36 responses to “The night of Saint Lucy

  1. You had me at /his hands are pale as knives/. You, once again, slyly dipped into darkness, but thankfully you left egress and light at the end.
    Have some grand holidays!

  2. I love that there is still a glimmer of hope despite the dark imagery in this poem ❤ Happy Holidays Bjorn! 😊

  3. I love the way you made me freeze with ‘hands are pale as knives’, ‘smiles in sickles’ and ‘dying glow’, Björn but then warmed me up again with the lonely candle and the song for daylight to return, thanks to Saint Lucy guarding against those ‘heavy footsteps of the Night’.

  4. Bjorn, your poem brought memories of the tales that my dad talked about St Nicholas Day, in the Nederlands. How many of today’s modern traditions are linked to the Dutch. Like leaving out treats for St Nick and stockings, it was shoes filled with hay for his horse and treats for being good children or coal for being bad.

  5. I love the way you skirt between dark and light on a couple levels here Bjorn. The dimming down and the lighting up. Nice contrasts give the poem strength and balance…

  6. For me this is a glorious huddle of a poem Bjorn – you conjure so much here throughout and gradually we join you in the needing the comfort of the season.

  7. ‘a lonely candle
    sticks with us
    a song for daylight to return’ creates a very powerful image. Wishing you and your family a happy Christmas and a great start to the new year :o)

  8. Night so close to winter solstice is all darkness, mourning the dying glow. I love the hope with: a song for daylight to return.

    What an interesting celebration Bjorn. Wishing you the best of the holidays.

  9. Sounds like Smokey Joe’s on Christmas Eve, a dive I haunted many lives ago. You set this up really well Bjorn — a crafted tale which pays off with every sigh of thanks the next reader releases when they realize by poem’s end they have been passed over.

  10. Lucy and I think he needs a solid knee to the groin.

    “mourn
    your dying glow”

    What an asshole. We summer girls won’t put up with his bullshit.

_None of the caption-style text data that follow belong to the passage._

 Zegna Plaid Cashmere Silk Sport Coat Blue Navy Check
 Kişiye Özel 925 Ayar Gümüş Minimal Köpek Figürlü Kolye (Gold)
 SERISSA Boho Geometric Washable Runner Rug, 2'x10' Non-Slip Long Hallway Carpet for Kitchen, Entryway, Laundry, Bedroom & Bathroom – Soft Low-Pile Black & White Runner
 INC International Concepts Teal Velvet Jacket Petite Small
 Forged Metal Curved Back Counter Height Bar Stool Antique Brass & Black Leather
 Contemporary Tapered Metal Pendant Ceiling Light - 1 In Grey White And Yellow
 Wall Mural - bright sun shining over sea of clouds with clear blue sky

  11. Saint Lucy…I like you all being kept close and warm in the darkness. The dark and light play so well against each other in this. Good jul to you and yours Bjorn!

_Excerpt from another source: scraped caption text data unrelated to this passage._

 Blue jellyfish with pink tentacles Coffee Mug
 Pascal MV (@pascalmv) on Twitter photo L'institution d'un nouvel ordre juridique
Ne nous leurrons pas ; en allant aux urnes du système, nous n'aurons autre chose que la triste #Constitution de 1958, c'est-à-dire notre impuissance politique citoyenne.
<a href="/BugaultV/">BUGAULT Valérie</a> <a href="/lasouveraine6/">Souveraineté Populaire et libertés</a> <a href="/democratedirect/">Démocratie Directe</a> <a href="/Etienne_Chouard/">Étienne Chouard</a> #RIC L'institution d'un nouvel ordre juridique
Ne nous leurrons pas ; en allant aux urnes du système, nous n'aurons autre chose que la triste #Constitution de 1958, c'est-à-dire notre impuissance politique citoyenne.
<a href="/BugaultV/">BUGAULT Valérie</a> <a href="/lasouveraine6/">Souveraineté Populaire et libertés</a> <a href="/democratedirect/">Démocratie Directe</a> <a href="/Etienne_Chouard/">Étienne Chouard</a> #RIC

  12. i read of this Saint many years ago, cannot recall the book or story but the image of the youngest girl child with candles in her hair stayed with me. we celebrate the solstice with a special feast, not religious more spiritual, an ancient custom. best wishes for the new year!

  13. In the second strophe, last line- did you mean “falls” from his lidless eyes? I like the way you created ambience with ominous words like pestilence – the act as like the spooky music in a horror show – letting us know something lurks, the repetition adds a subliminal beat of footsteps drawing closer to the door we hide behind. Masterful. However, I have to take exception to your vilification of the dark – that fecund fertile womb of creation! I hold it dear as light.

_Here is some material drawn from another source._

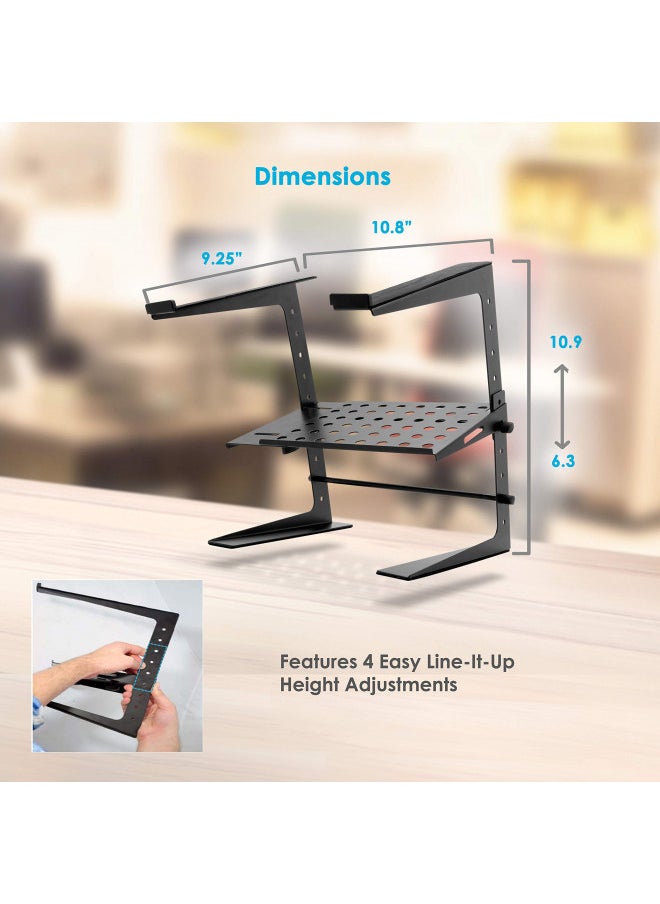 Pyle - Pyle Portable Adjustable Laptop Stand - 6.3 to 10.9 Inch Standing Table Monitor or Computer Desk Workstation Riser with Shelf Storage and Height Alignment for DJ, PC, Gaming, Home or Office - PLPTS26 - Image 1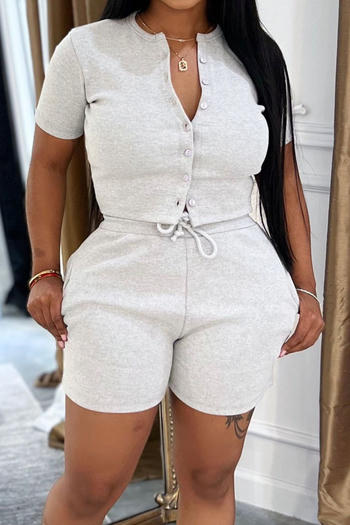 casual plus size slight stretch 6 colors single-breasted top & shorts set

  14. All it takes sometimes is one small light to keep from being suffocated by a night that seems to never want to leave (though I’m with Christine in that I often *like* the dark as a source for nurturing 😀 ). I found this to be a sweet piece about the power of hope in any case.

  15. “Night dressed as worsted wool”…. be still my heart. Wish I had written that! And that second stanza – pure gold. Loved the whole poem. And I personally love the name Lucy. Lucia – that’s very pretty too.

  16. Night errant, Night speaks to me today…

    ““Come drink with me
    Mesdames, Messieurs,
    Come drink,
    obliterate regrets and mourn
    your dying glow””

    obliterate regrets… does not sound half bad just now, the dark can be a scared depth. But it will be a long winter – Lucy feed me arcry me sustenance in this maze, with two hands filled to bring the light again, even if it means we will live to see our grief.
    Bjorn… thank you my friend for this beautiful piece.

  17. kaykuala

    It is most appropriate to relate it to a current event.The mood is sustained and the event is easily recalled

    Hank

  18. Your night is sly and scary. I’m happy there is some light and hope.
    I know they have an annual St. Lucia festival at Old Swede’s Church in Philadelphia, but I’ve never attended it.